Directions
Write down the lines exactly as they appear, from the one that contains "realistic woman in" through the final line of the records, so that both ends are kept and no pictures come along.

Provided records
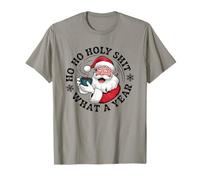 Funny Santa Coffee Christmas - Ho Ho Holy Wow Qué año Camiseta
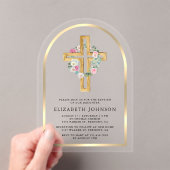 フローラ金ゴールドユーカリプトゥスウッドクロスアーチバプテスマ アクリル招待状 (インサイチュ (ポータブル))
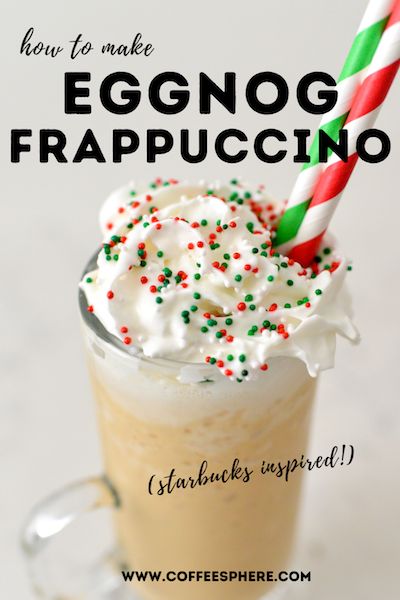 Eggnog Frappuccino, Christmas Frappuccino, Eggnog Smoothie, Frappe Drinks, Frappuccino Recipes, Copycat Drinks, Copycat Drink Recipes, Frappuccino Starbucks, Frappe Recipe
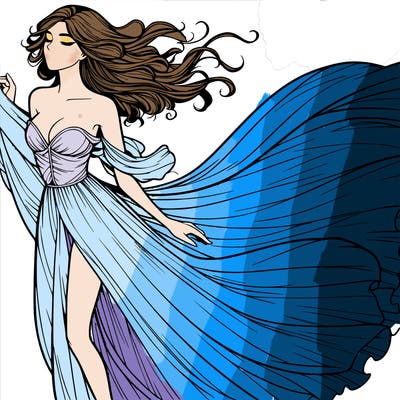 realistic woman in dress flowing the the wind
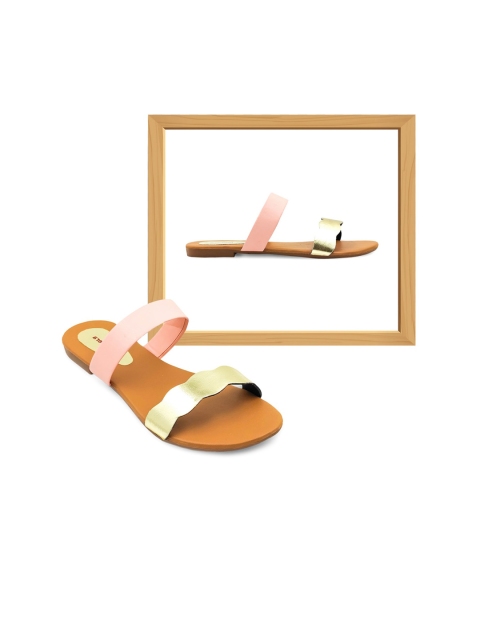 

Sayera Women Pink Colourblocked Open Toe Flats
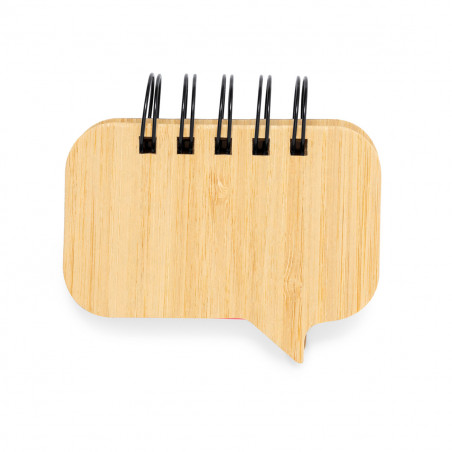 Bloco de notas com anéis e capa de bambu com adesivo personalizável de noivos para lembranças de casamento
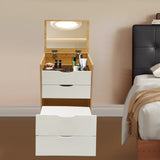 2-in-1 Compact Vanity Nightstand with Flip Mirror, Stool & 3 Drawers – product detail 4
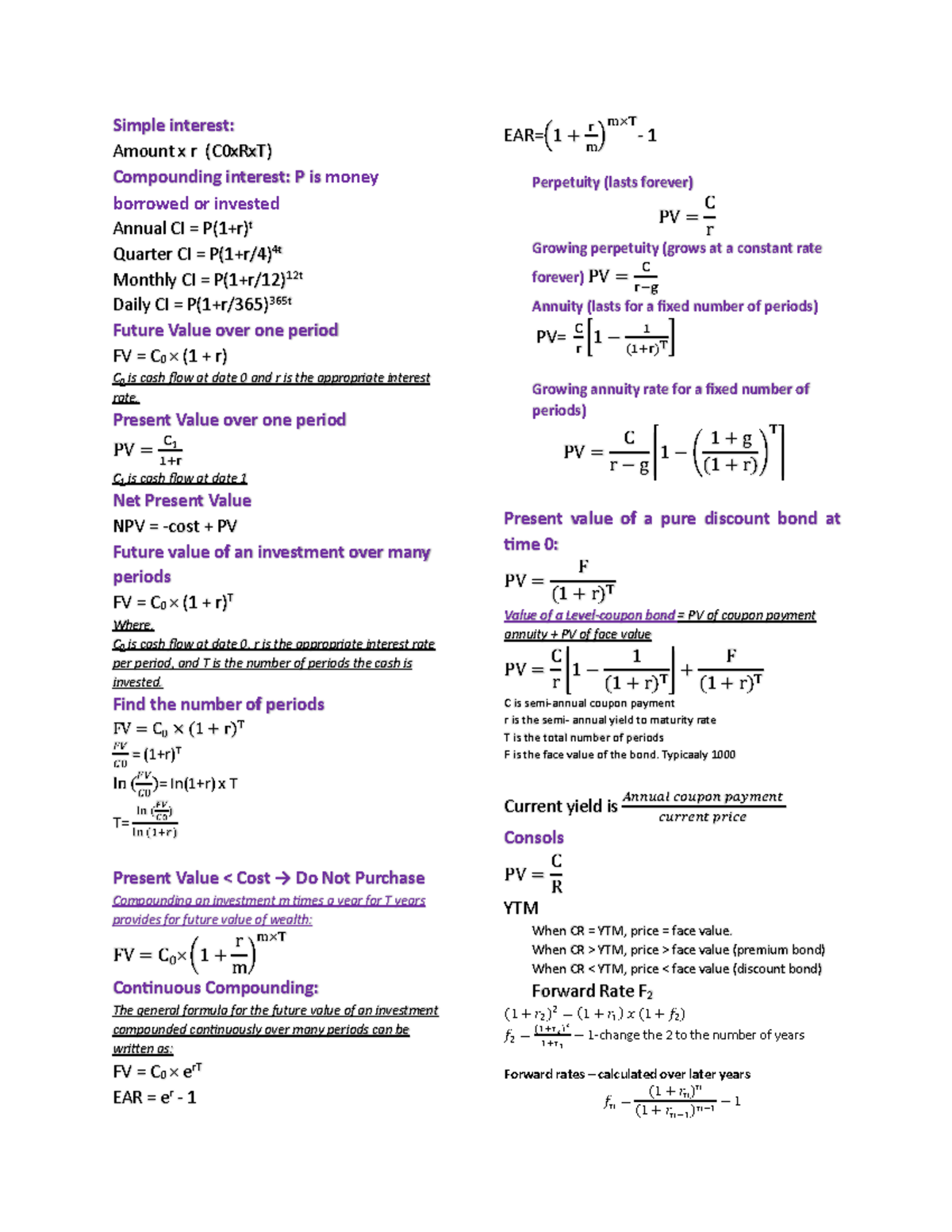 Finance formula sheet - Simple interest: Amount x r (C0xRxT ...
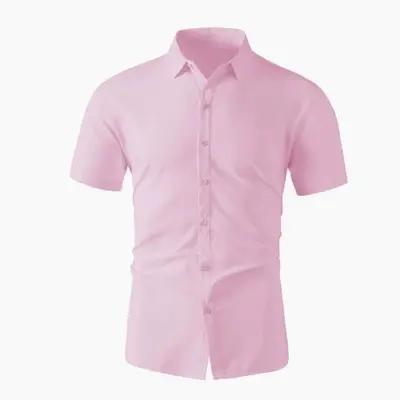 Men's Short-Sleeve Shirt, Korean Style, Solid Color Slim Fit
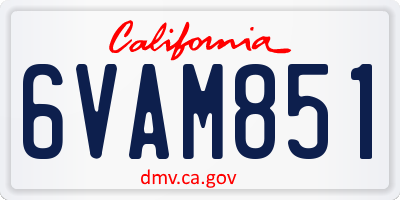 CA license plate 6VAM851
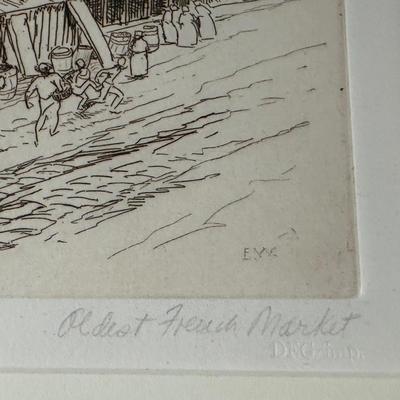 Ellsworth Woodward, Numbered and Titled “Oldest French Market”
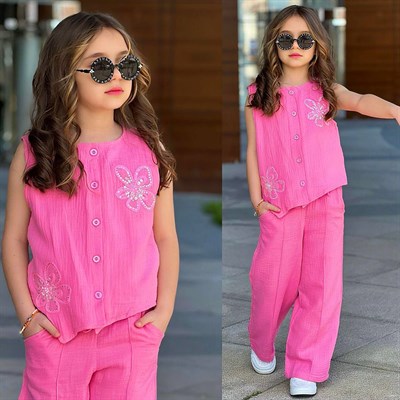 Taş Detay Çiçekli Müslin Takım - Pembe (5-14 yaş aralığı)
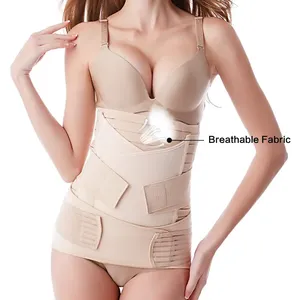 पोस्टपार्टम बॉडी शेपर <span class=keywords><strong>3</strong></span> 1 कमर ट्रिमर पेल्विस शेपवियर कॉर्सेट रैप पेट बैंड रिकवरी जिरडेल समर्थन - Product Image 4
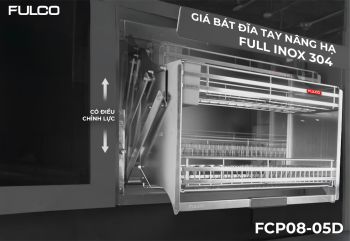 FCP08-05D | GIÁ BÁT ĐĨA TAY NÂNG HẠ FULL INOX 304 CÓ ĐIỀU CHỈNH LỰC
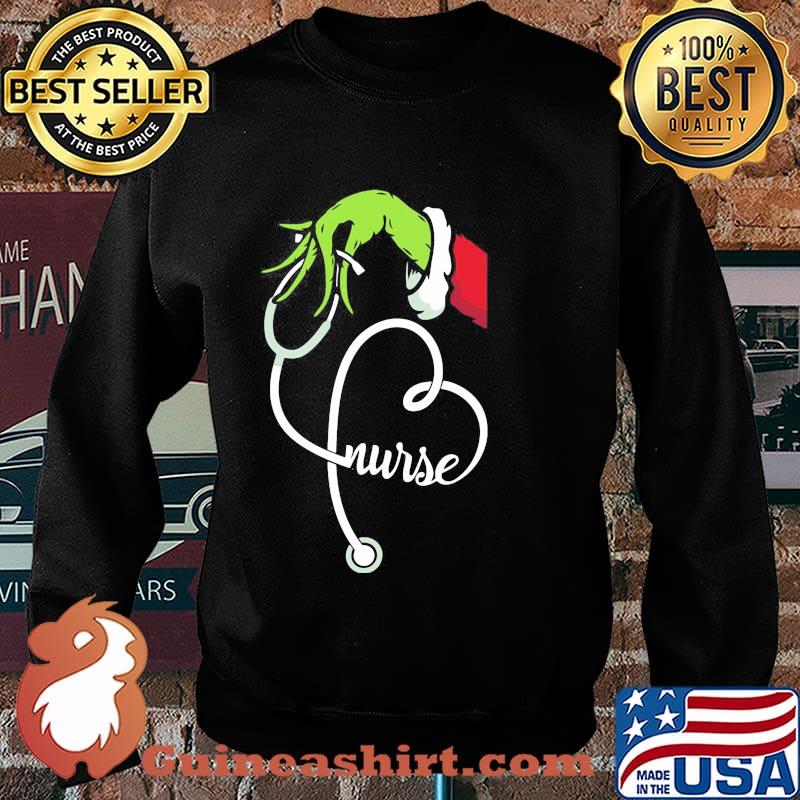 Merry christmas grinch holding nurse stethoscope s Sweater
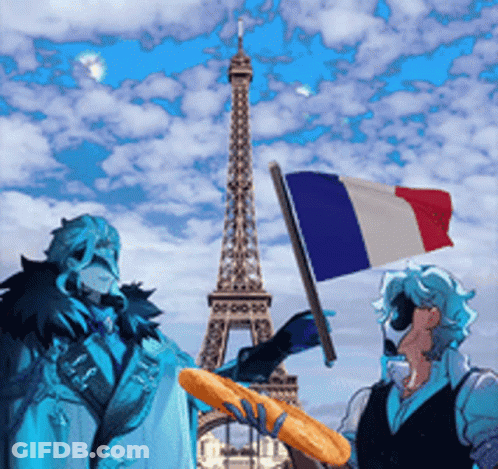 A Man Holding A Loaf Of Bread And A Flag In Front Of The Eiffel Tower GIF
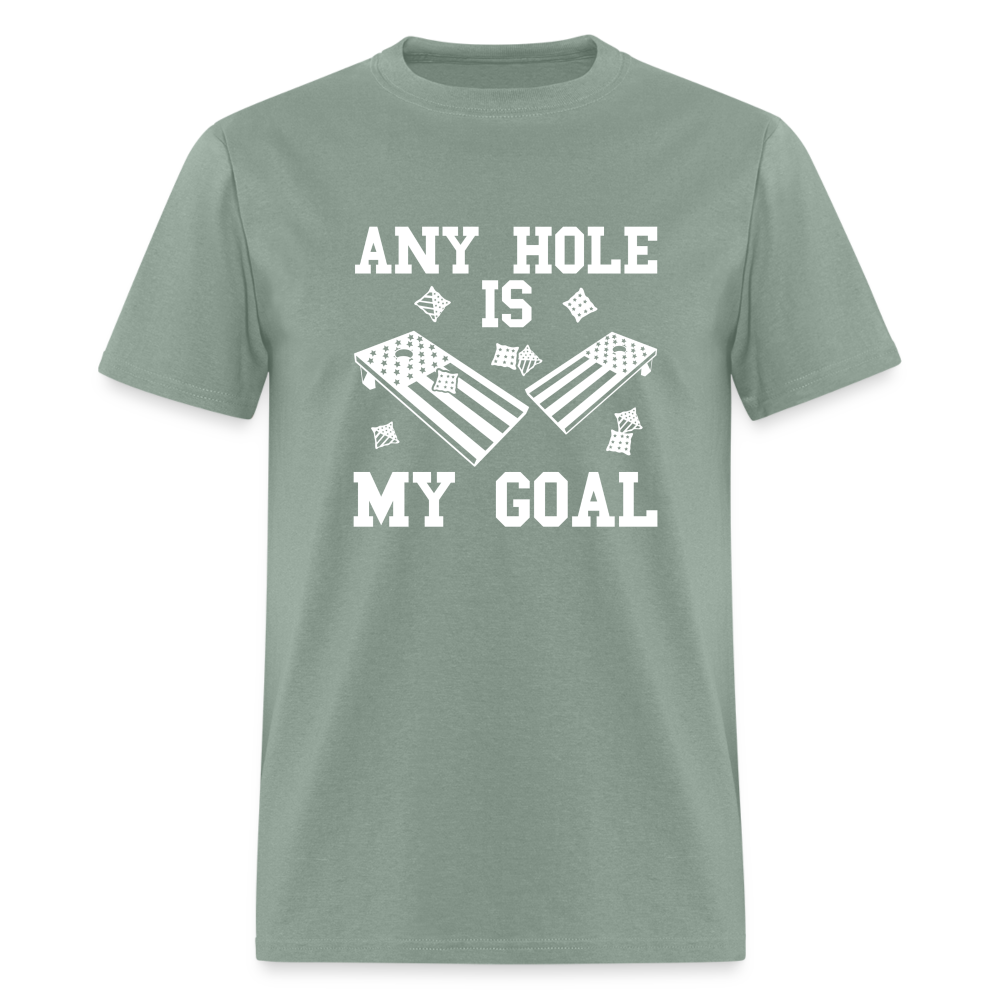Any Hole is My Goal Cornhole Unisex Classic T-Shirt - sage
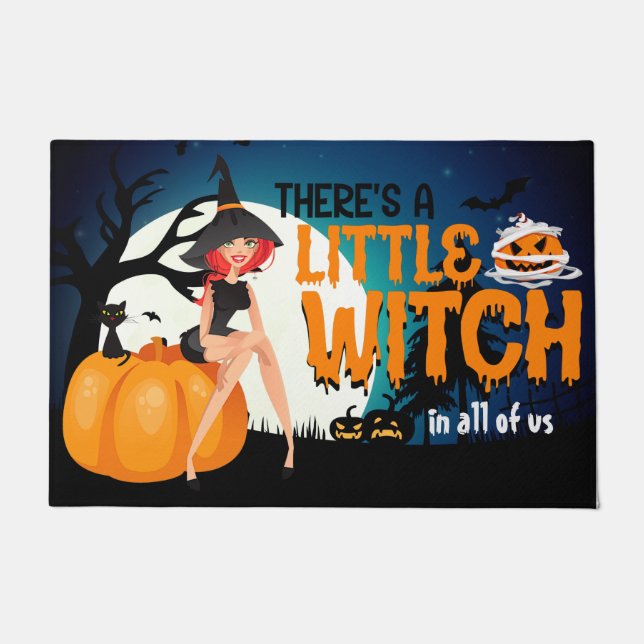 Halloween Hexenkürbiss und Schwarze Katze Fußmatte (Vorderseite)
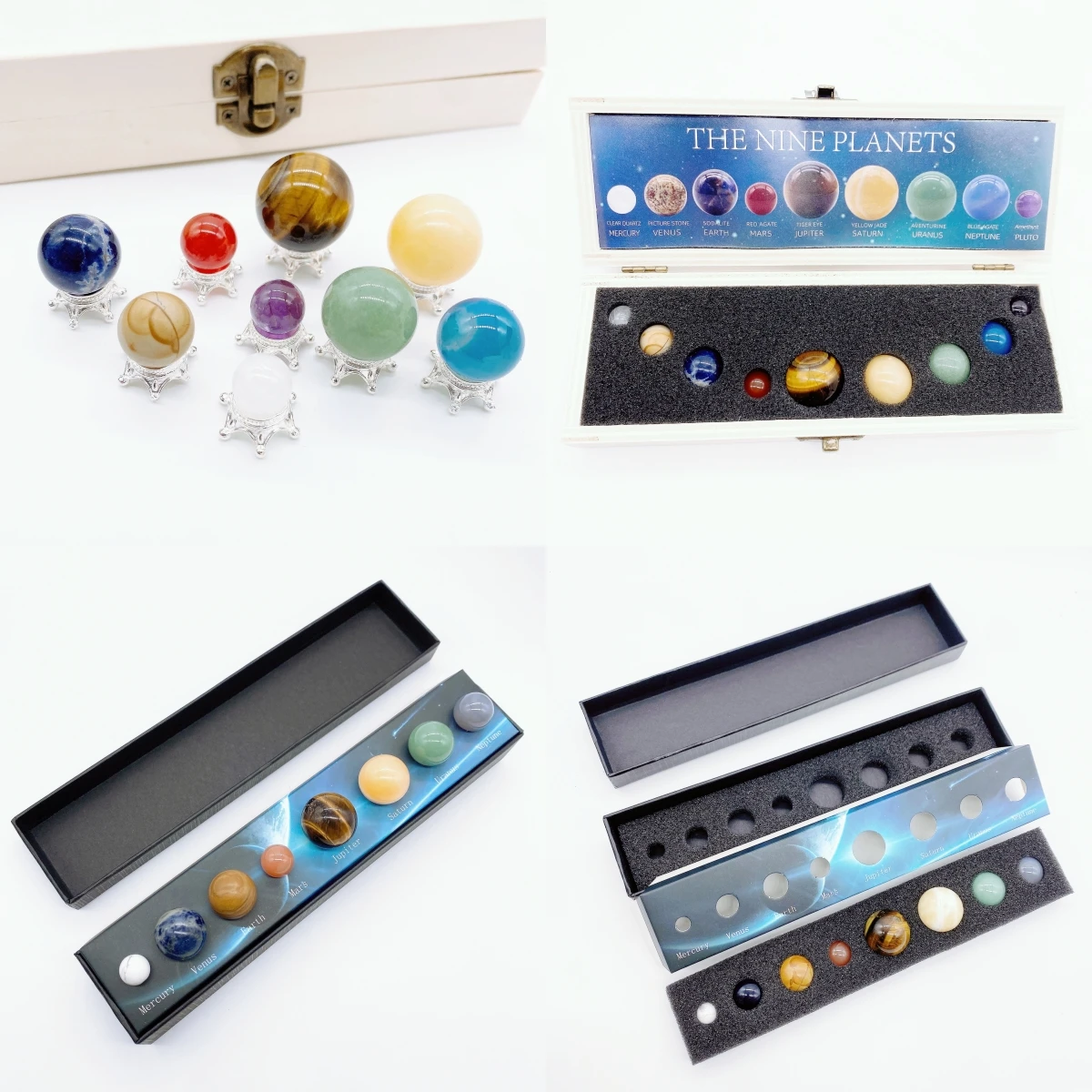 

Natural Crystal 9 Planets Ball Solar Sun System Rock Quartz Stones Beads Reiki Healing Chakra Spheres Decor Galaxy Model Globe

Exercise response
 realistic woman in dress flowing the the wind

Sayera Women Pink Colourblocked Open Toe Flats
 Bloco de notas com anéis e capa de bambu com adesivo personalizável de noivos para lembranças de casamento
 2-in-1 Compact Vanity Nightstand with Flip Mirror, Stool & 3 Drawers – product detail 4
 Finance formula sheet - Simple interest: Amount x r (C0xRxT ...
 Men's Short-Sleeve Shirt, Korean Style, Solid Color Slim Fit
 CA license plate 6VAM851
 Ellsworth Woodward, Numbered and Titled “Oldest French Market”
 Taş Detay Çiçekli Müslin Takım - Pembe (5-14 yaş aralığı)
 पोस्टपार्टम बॉडी शेपर <span class=keywords><strong>3</strong></span> 1 कमर ट्रिमर पेल्विस शेपवियर कॉर्सेट रैप पेट बैंड रिकवरी जिरडेल समर्थन - Product Image 4
 FCP08-05D | GIÁ BÁT ĐĨA TAY NÂNG HẠ FULL INOX 304 CÓ ĐIỀU CHỈNH LỰC
 Merry christmas grinch holding nurse stethoscope s Sweater
 A Man Holding A Loaf Of Bread And A Flag In Front Of The Eiffel Tower GIF
Any Hole is My Goal Cornhole Unisex Classic T-Shirt - sage
 Halloween Hexenkürbiss und Schwarze Katze Fußmatte (Vorderseite)

Natural Crystal 9 Planets Ball Solar Sun System Rock Quartz Stones Beads Reiki Healing Chakra Spheres Decor Galaxy Model Globe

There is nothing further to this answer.